Pernahkah Anda membeli batik dengan harga Rp 20 ribu?
Atau paling tidak menemukan batik seharga itu? Bukan batik anak-anak, tapi untuk dewasa.
Ada beberapa kejadian misalnya di pasar klewer, Solo. Di sebuah lapak di pinggir lapangan alun-alun utara kraton Solo ada kemeja batik dg motif campuran antara parang rusak, flora, ada juga gambar hewannya.
Harganya pun cukup murah antara 15ribu-30ribuan.
Kalau dipikir2 bagaimana mungkin ada batik dengan harga begitu murah. Meski batik cetak sekalipun. Biaya kain, biaya cetak, biaya potong dan biaya jahit? Tak bisa dibayangkan.
Belakangan muncul isu adanya batik palsu buatan Cina yang membanjiri pasar Indonesia. Meski keran perdagangan bebas Asia – Cina belum dibuka, namun barang dari negeri tirai bambu itu telah masuk tanah air.
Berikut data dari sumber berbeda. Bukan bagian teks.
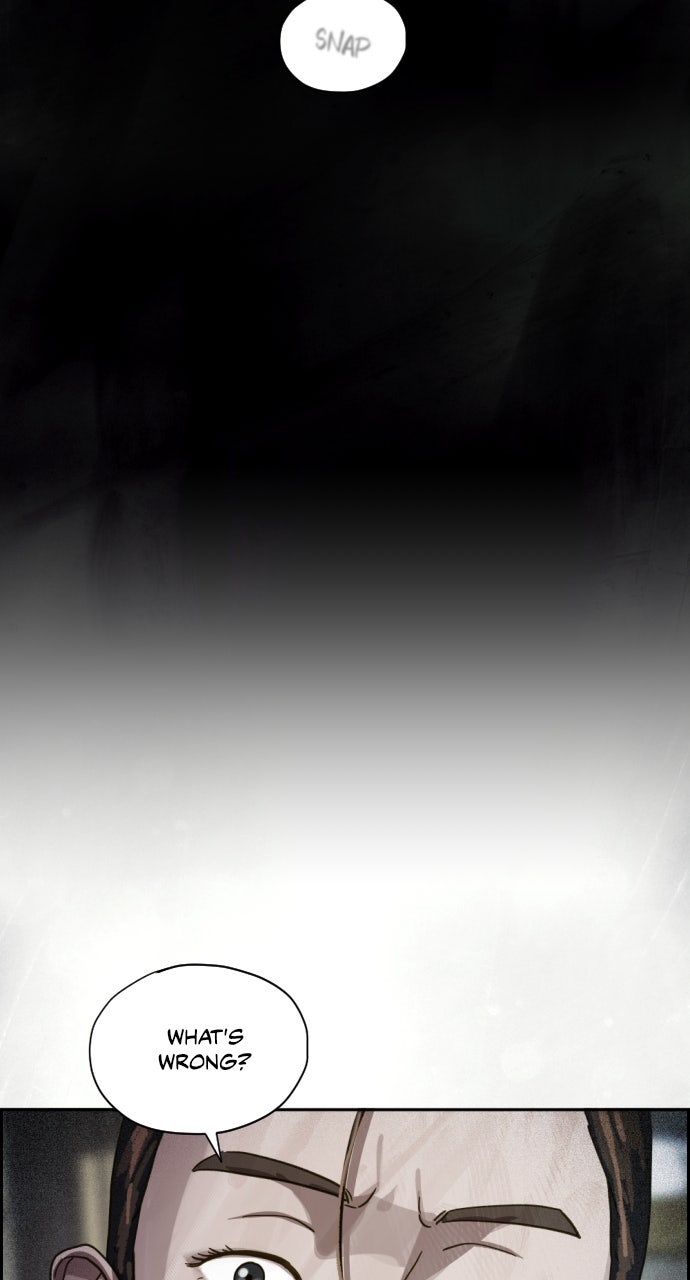 Read Day of Disaster EN Manga Online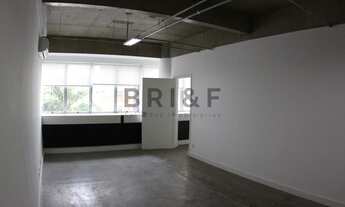 Imagem 4: Sala Comercial - Brooklin
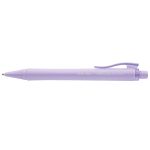 Faber-Castell  Kugelschreiber DailyBall lilac - 10 VPE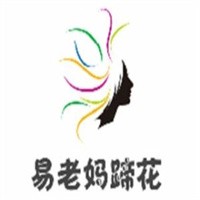 易老媽蹄花加盟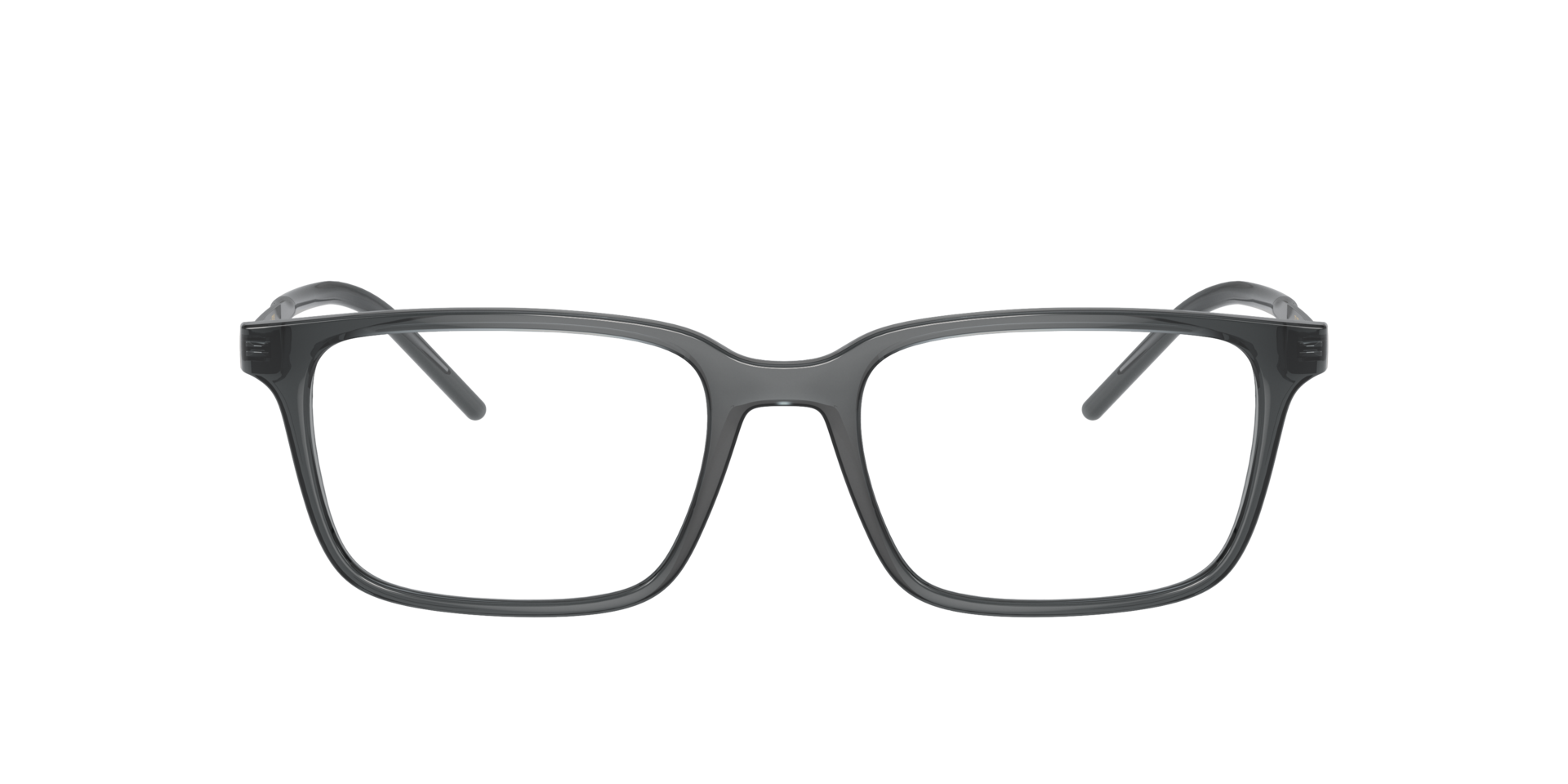 Transparent Grey DG5099 -  Plastic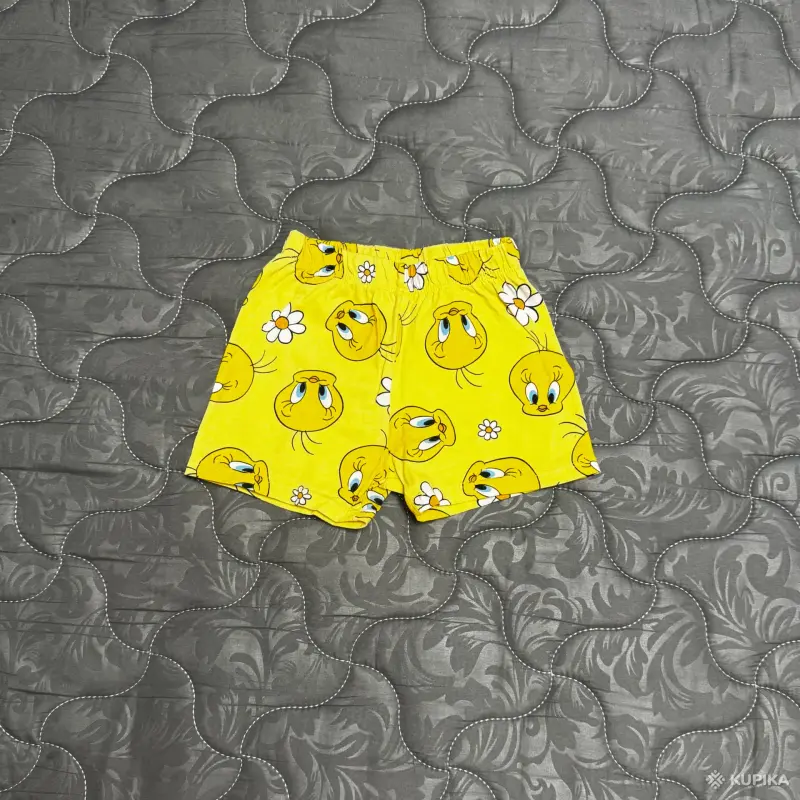 Одежда для детей до 1 года - Костюмчик для детей 6-12 месяцев - Вся Беларусь - Фото 3 Костюмчик для детей 6-12 месяцев - Вся Беларусь - 243723 - Доска объявлений Kupika.by - Фото 3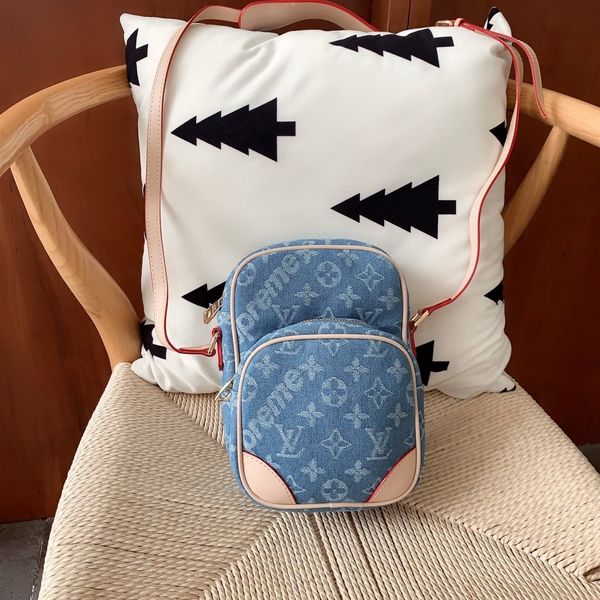 new denim series camera bag wallet backpack main card holder duffel bag women handbags handbag horsebit card holder 2020 new, Silver
new denim series camera bag wallet backpack main card holder duffel bag women handbags handbag horsebit card holder 2020 new, Silver
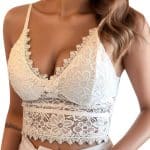 Unleash Your Confidence: Review of the Perfect Plus Size Sexy Costume Set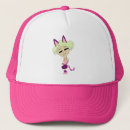 Buscar sonrisas gorras Chica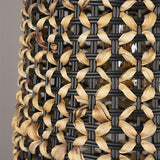 Pendant Lamp Hyacint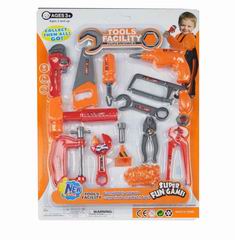 TOOL SET,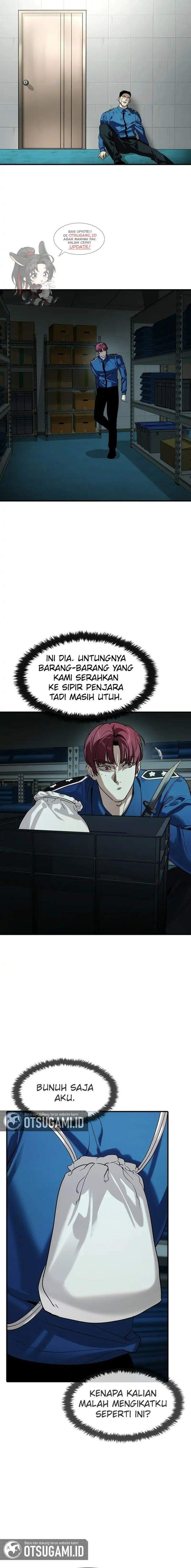 image-komik-the-childe-chapter-64-14/19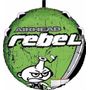 Баллон буксируемый AIRHEAD Rebel Tube Kit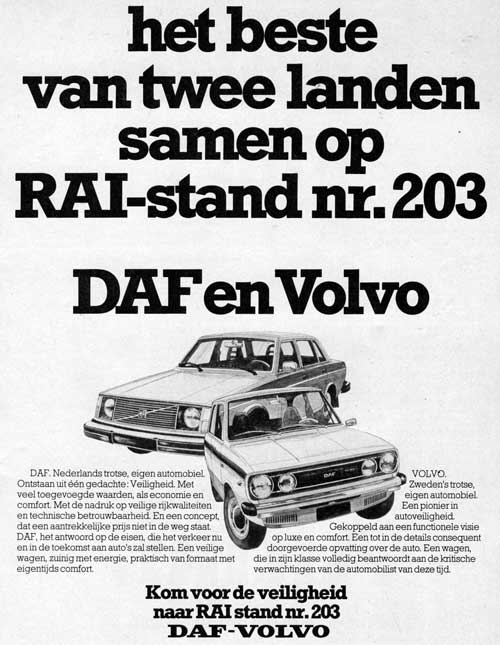 daf-volvo-1975-02-20-daf-volvo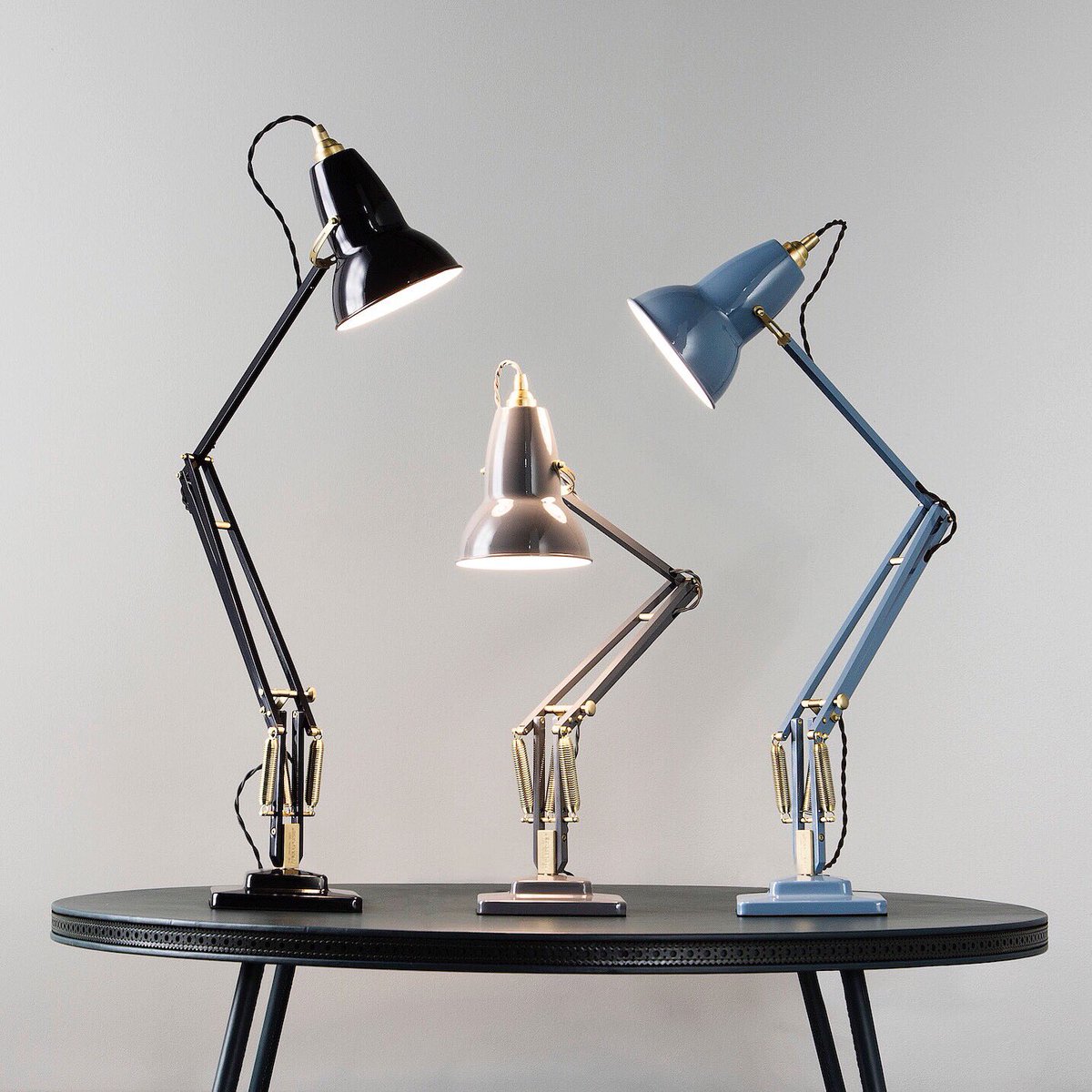 heals anglepoise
Keunggulan mereka, jelas … harga jual yang sangat murah mulai Rp. 25.000,- – Rp. 30.000,- untuk satu potong baju atasan.
Jangan harap dengan harga segitu Anda bisa mendapat batik dengan kualitas bagus. Permasalahanya bagaimana kalau ternyata batik Cina yang katanya palsu itu dijual dengan harga sama dengan harga batik asli Indonesia? Apakah Anda bisa mengenalinya?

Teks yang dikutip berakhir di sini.